Friday, September 10, 2010

It's midnight in the garden

Midnight in the Garden of Academe (2004)
Judy McDermott
102 x 76 cm
Silk. Cotton Batting. Machine quilted with cotton thread.
Knots are hand-dyed silk.

Completed in 2004, Midnight in the Garden of Academe was exhibited first in the US and then in Germany after Judy's death in 2005. I didn't have the opportunity to discuss this quilt with Judy but her husband told me that just as A Real Pretend Wagga for Paul Klee (1998)--selected for 'Quilt National' in 1999--was all about 'colour', Midnight in the Garden of Academe was all about 'texture'.

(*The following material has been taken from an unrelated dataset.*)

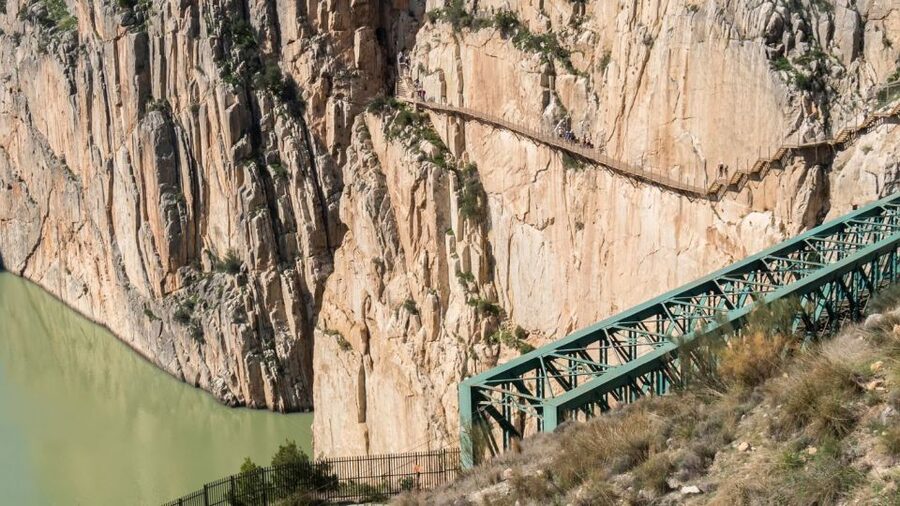 From Fuengirola: Caminito del Rey Guided Day Trip - How demanding is the 4.8-kilometre walk?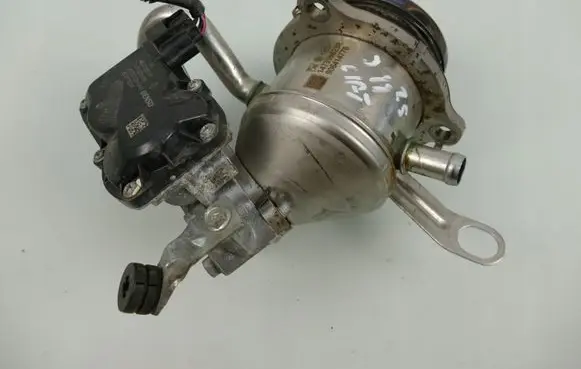 Nissan Qashqai EGR valve cooler 147359823R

The titles of Judy's works are important, even if it is  now up to us to decode them the best way we can. She loved language--puns, double meanings, to cross-reference her quilts to poetry, to literature. Some, like Clap Hands Here Comes Charlie (2002) were named after a song title which she told me she had heard on the radio after the song itself had been played...Judy's daughter explained that Love Will Nail You to the Cross (1995-1997) was also named after a song: 'Nail You to the Cross' by John Ewbank. I have a recording of Jeannie Lewis  made in 1995 ('Tango Australis', Sole Music). The words and music are powerful, the message hard-hitting, it's message of inevitability: 
"Love's going to nail you to the cross/Love's going to nail you to the cross/It'll go right through you/It'll flatter and fool you/It'll do you good and nail you to the cross."
And the quilt itself takes that message even further: it is the private made public, looking being made visible, the quilt can both reveal and conceal, it is reversible (the narratives to be understood from both sides), it enfolds. To work with Judy's quilts is to continually uncover alternative meaning, uncover new stories.

The art quilt as a medium of expression draws on the tradition of the utilitarian quilt and, as such, is associated with home and family. Placing the quilt within the gallery allows these conventional narratives to be re-assessed and the opportunity for other, even 'hidden' meanings to emerge.